Work item
Starting with the first line below, extract each line through the one that contains "I sacerdoti rinnovano", inclusive, excluding pictures.

Extracted records

▶

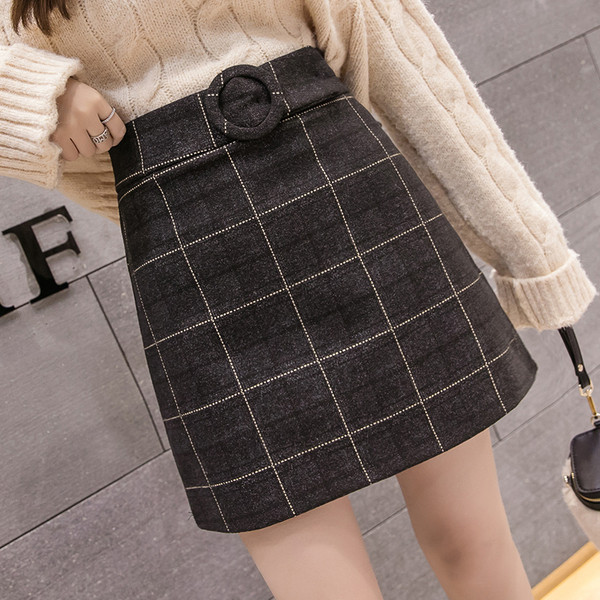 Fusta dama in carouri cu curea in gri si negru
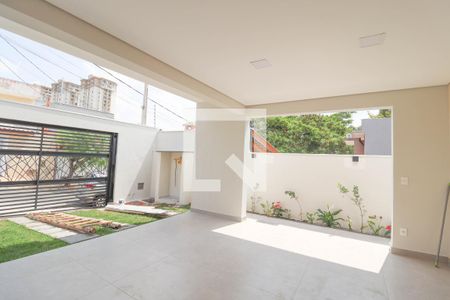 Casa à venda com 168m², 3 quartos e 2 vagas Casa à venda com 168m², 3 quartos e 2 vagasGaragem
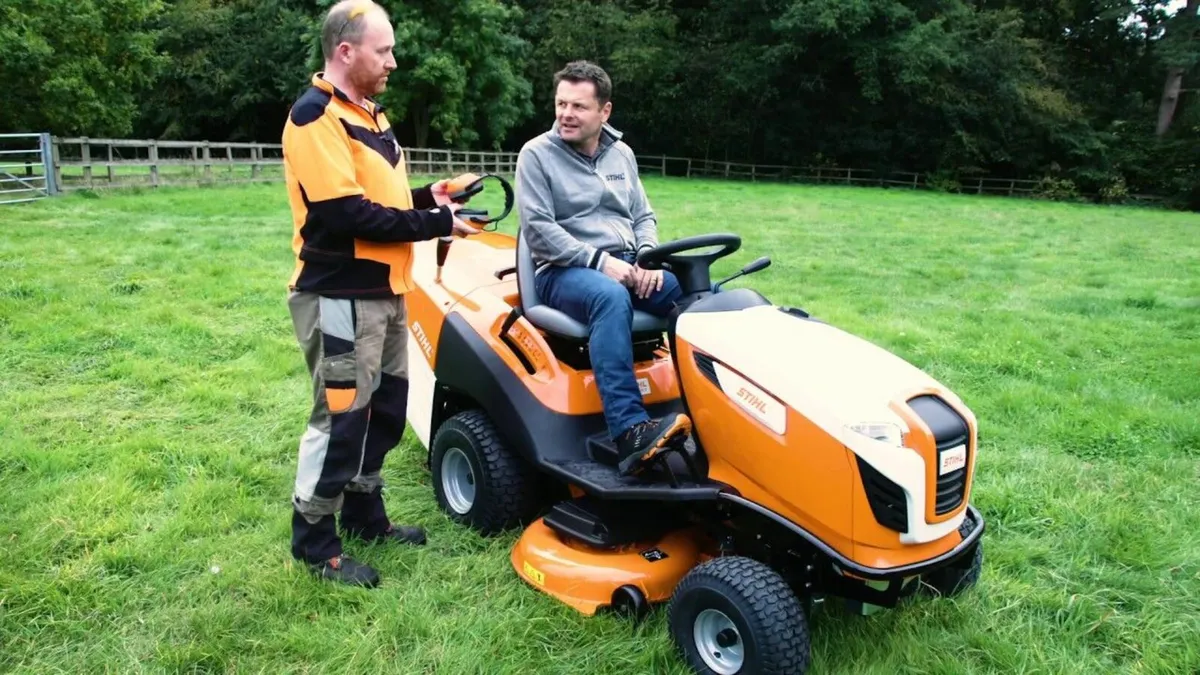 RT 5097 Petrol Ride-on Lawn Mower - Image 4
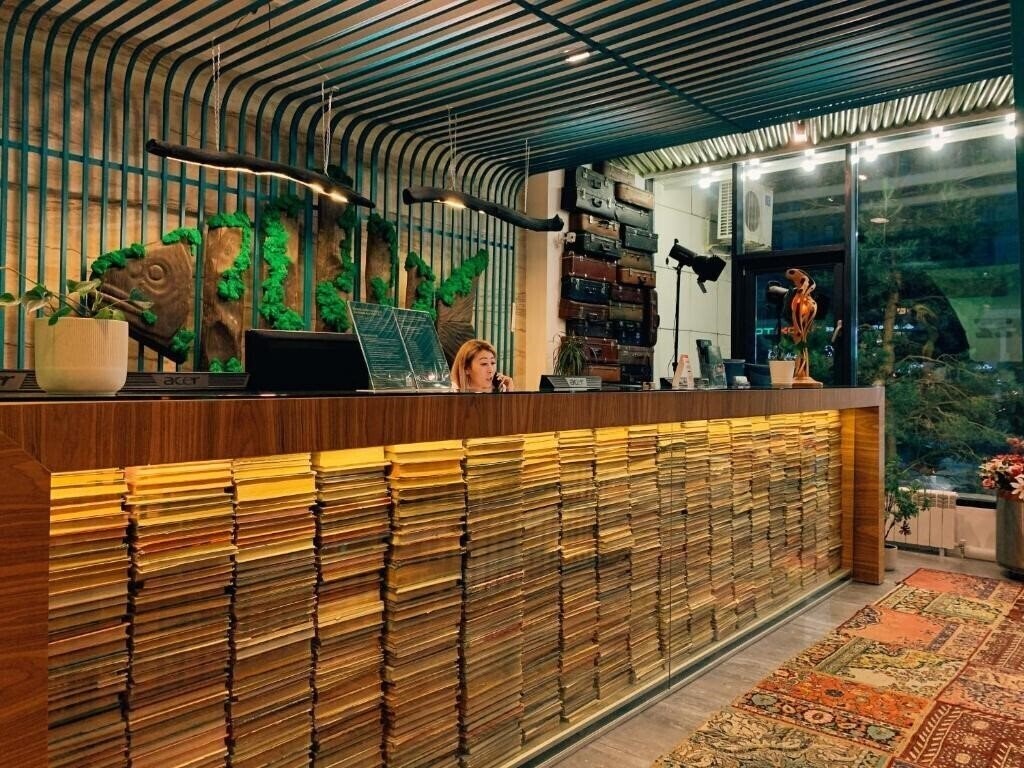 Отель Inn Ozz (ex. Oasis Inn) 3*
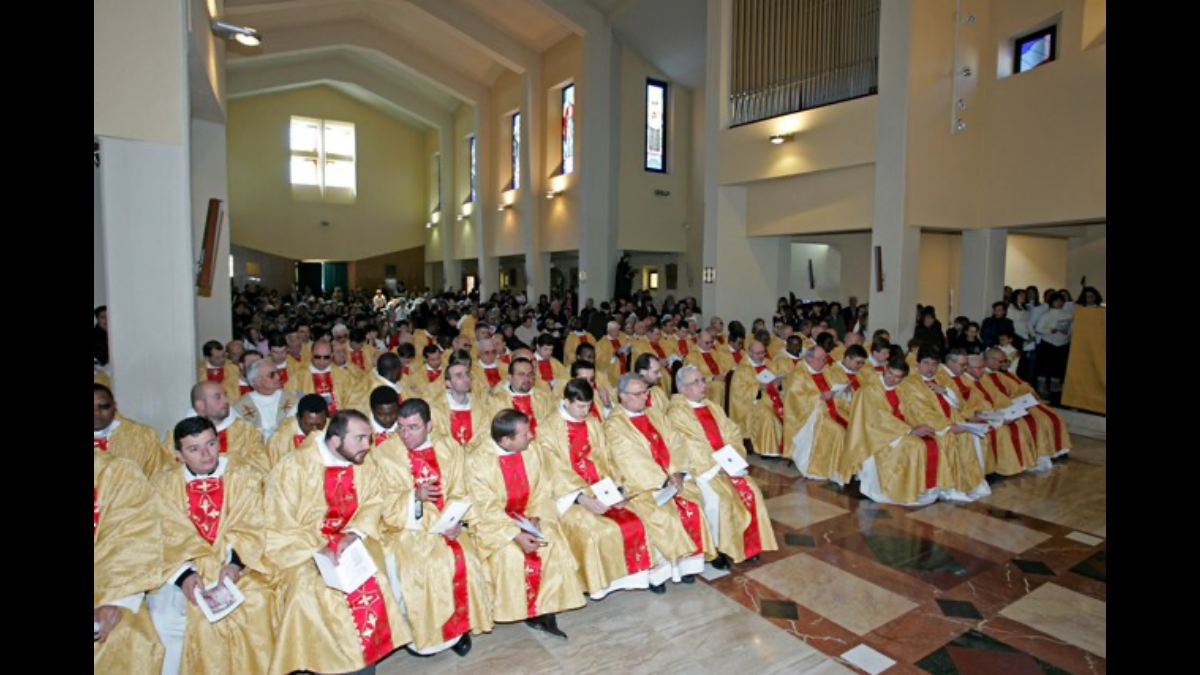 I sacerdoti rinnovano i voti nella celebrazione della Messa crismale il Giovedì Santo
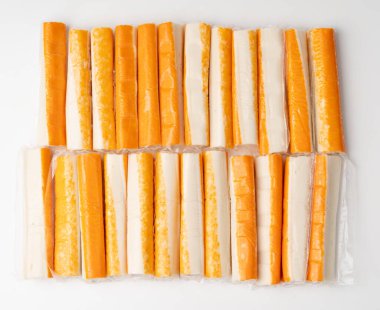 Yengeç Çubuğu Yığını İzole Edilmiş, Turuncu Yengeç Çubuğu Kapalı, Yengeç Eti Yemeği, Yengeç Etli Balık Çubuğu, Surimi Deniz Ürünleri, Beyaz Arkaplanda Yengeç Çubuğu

◀

Result
 Fusta dama in carouri cu curea in gri si negru
 Casa à venda com 168m², 3 quartos e 2 vagas Casa à venda com 168m², 3 quartos e 2 vagasGaragem
 RT 5097 Petrol Ride-on Lawn Mower - Image 4
 Отель Inn Ozz (ex. Oasis Inn) 3*
 I sacerdoti rinnovano i voti nella celebrazione della Messa crismale il Giovedì Santo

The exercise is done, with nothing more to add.